Earnie Killum

Personal information
- Born: June 11, 1948 Clarksdale, Mississippi, U.S.
- Died: June 11, 2020 (aged 72) Atlanta, Georgia, U.S.
- Listed height: 6 ft 3 in (1.91 m)
- Listed weight: 180 lb (82 kg)

Career information
- College: Coahoma CC (1966–1968); Stetson (1968–1970);
- NBA draft: 1970: 2nd round, 30th overall pick
- Drafted by: Los Angeles Lakers
- Position: Guard
- Number: 20

Career history
- 1970–1971: Los Angeles Lakers
- Stats at NBA.com
- Stats at Basketball Reference

= Earnie Killum =

American basketball player (1948–2020)

Earnest Killum (June 11, 1948 - June 11, 2020) was an American professional basketball player for the Los Angeles Lakers of the National Basketball Association (NBA).
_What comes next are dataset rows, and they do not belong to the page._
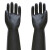 爱帝尔 耐酸碱手套工业加长厚款型乳胶手套  乳胶手套 45cm黑色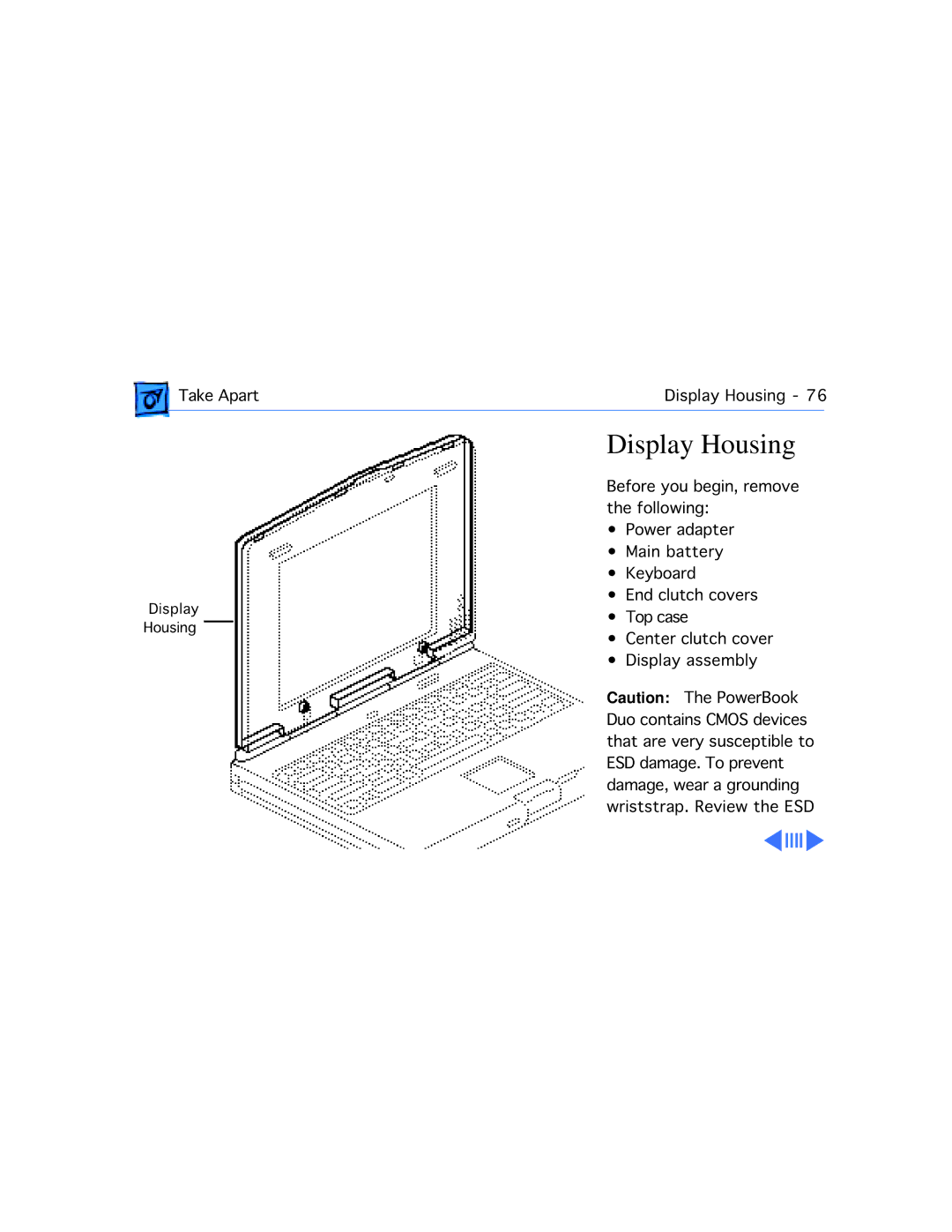 Apple 2300C manual Display Housing 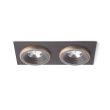 RENDL R13257 SHARM SQ II wpuszczana brązowa/perłowo-złota 230V LED 2x10W 24° 3000K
After starring for Stetson from 1968 to 1970, averaging a school-record 24.9 points over two seasons and earning All-America honors, he was selected by the Lakers with the thirteenth pick (30th overall) in the second round of the 1970 NBA draft. An ankle injury limited him to only four games, in which he averaged 0.3 points and 0.5 rebounds.

Killum departed the league after the 1970–71 season, and played the next year in Europe before retiring. He is one of only two Stetson alumni to play in the NBA, along with Lorenzo Williams, and was elected into the school's athletic Hall of Fame in 1983.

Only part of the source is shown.